Is there more to password hashing?

Question

You have a plain text password and salt. The plain text password is assumed to be securely random and only known by the user and the salt is no secret and not necessarily unique but stored alongside the resulting hash. Is calling the following on its own and storing the result sufficient?

password_hash = Hash ( password || salt )

Where Hash is currently considered a "secure" hash function (sha512, BCrypt, etc)

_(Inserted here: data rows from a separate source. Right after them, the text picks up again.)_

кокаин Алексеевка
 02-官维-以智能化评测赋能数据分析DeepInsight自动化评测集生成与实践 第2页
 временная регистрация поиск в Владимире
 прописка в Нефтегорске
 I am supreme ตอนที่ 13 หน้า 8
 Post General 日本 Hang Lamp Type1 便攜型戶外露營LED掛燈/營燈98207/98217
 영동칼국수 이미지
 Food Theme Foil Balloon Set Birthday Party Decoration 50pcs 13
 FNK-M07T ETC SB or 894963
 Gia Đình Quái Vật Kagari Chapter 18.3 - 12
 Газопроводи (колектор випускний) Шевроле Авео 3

Do people do more? Such as:

1. Multiple Iterations: Is there a huge benefit in running multiple iterations? If yes, is it purely a cost advantage? Is the number of iterations dynamic or static? How many iterations?
2. Multiple hash functions: Would there be an advantage in using multiple hash functions? For example, three rounds, sha512 -> BCrypt -> sha512?
3. Salt mixing Do people nest salts within a password or just concatenate on the end/start? For example, break the plain password into four sections, the salt into three and join each salt section in-between each password section.
4. Unique schemes: Would writing a unique password_hash function for each different project be of any benefit? For example, Project A's password_hash function runs SHA512 20 times and Project B's password_hash function runs BCrypt 10 times applying the salt at different ends of the password on each iteration.
5. "Black Magic": Is there a benefit in adding your own "black magic" to a hashing function? For example, before each iteration you apply some basic bitwise actions or mix up the characters based on a simple algorithm.
6. Obfuscation: Would encoding or obfuscating the generated hash to hide its originating hash function make a huge difference? Such as adding or removing N characters to the hash to hide its original length.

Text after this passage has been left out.